Perry Engel wrote at 10/2/2013 7:09:49 PM:

Did not see what the patent claims are on the link. Can you be more specific as to where I can find it? Without knowing the specifics, I don't see a claim that would be enforcable. I suspect the "patent pending" is a marketing ploy. is it a utility patent? or a design patent? pending means not yet approved (and might not be). so,, if you are doing a start-up it makes for good marketing to sound like you have exclusive rights to a process. Even if that workflow has been seen in prior art (several instructables and thingiverse postings come to mind) I think the patent (if it is in fact pending) is probably a design patent (this was what was called in the toy industry "a red button patent" not something that could be realistically enforced.)

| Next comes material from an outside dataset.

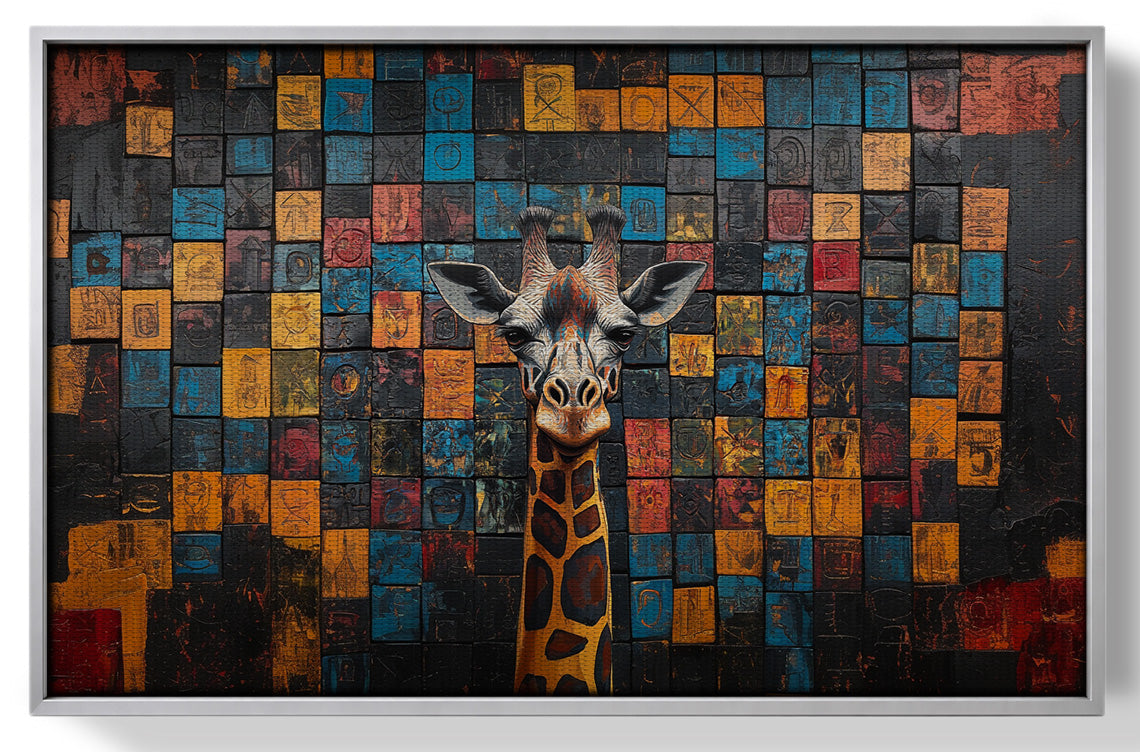 Blue Mosaic Giraffe African American canvas print view 55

pixeldoppleganger wrote at 10/2/2013 7:02:52 PM:

Welcome to the new world of business 3.0 USA style Undeliverable kickstarted projects/ideas/fantasies & Indiegogo handouts. Layer this with pseudo patent trolls and a overwhelmed patent office and one sees where we are headed... High unemployment with college grads should only compound this ridiculousness, as we'll see more 'start ups'

Anita wrote at 10/2/2013 1:09:02 PM:

Patent!?! Are you kidding me? He could have take it from this June post: http://b9creator.com/support/?mingleforumaction=viewtopic&t=653

Tim wrote at 10/2/2013 5:03:37 AM:

This is ridiculous. Brian is using indiegogo to fund a business, not a product. He's applied for a patent for his unoriginal "invention" despite the glut of prior art on making chocolates using 3D scanning and printing. If he wants to make a profitable business out of this, he should come to indiegogo with an actual product, or court investors, where he will be accountable to outsiders. I personally think it's ridiculous to patent an idea that you're planning to crowdsource but I'm not the arbiter of indiegogo or kickstarter.